Take Educational Trips
Whether it's an interactive museum, concert, play, or the zoo, kids won't consider this learning in the traditional sense, but will be opened to new experiences and broaden their horizons. The arts allow children to explore new avenues and cultures and may introduce them to their passion or future career. McFarlane suggests you go a step further and encourage your children to make connections between what they are experiencing and what they may have learned in school. Making connections to real-life experiences helps to flesh out and define otherwise abstract academic concepts, further cementing them in a child's mind.

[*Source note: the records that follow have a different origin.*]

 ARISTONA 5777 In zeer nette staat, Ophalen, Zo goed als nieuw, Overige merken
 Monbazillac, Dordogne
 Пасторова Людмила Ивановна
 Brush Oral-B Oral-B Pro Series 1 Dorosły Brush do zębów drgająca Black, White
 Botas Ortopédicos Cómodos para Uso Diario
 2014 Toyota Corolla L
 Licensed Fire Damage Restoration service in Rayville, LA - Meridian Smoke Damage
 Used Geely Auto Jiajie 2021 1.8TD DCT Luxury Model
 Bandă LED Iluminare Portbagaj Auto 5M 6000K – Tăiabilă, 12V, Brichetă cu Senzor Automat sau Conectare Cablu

Prepare Them and Put Them at Ease
As those last few weeks of summer wind down, many children get anxious about what to expect with a new grade, classmates and teachers. "There are many ways to make this transition easier for children, such as showing them their new school, introducing them to children who will be in their class, or letting them know what their routine will include," McFarlane says. 'Children are very inquisitive and it helps to explain what will occur in the coming weeks."
Keep a Routine
Towards the end of the summer, try to keep your kids on a routine or schedule that will allow them to ease their way into the first few weeks of school. This means their days should consist of regular bedtimes and meal times, letting them prepare their bodies and minds for the school day.
Summer is meant for fun. However, playtime, both structured and unstructured, can keep children in shape physically and mentally. Moreover, according to McFarlane, children who keep their minds active during the summer months will waste less time reviewing last year's material when the new school year begins. They will be ready to delve right in to bigger and better things!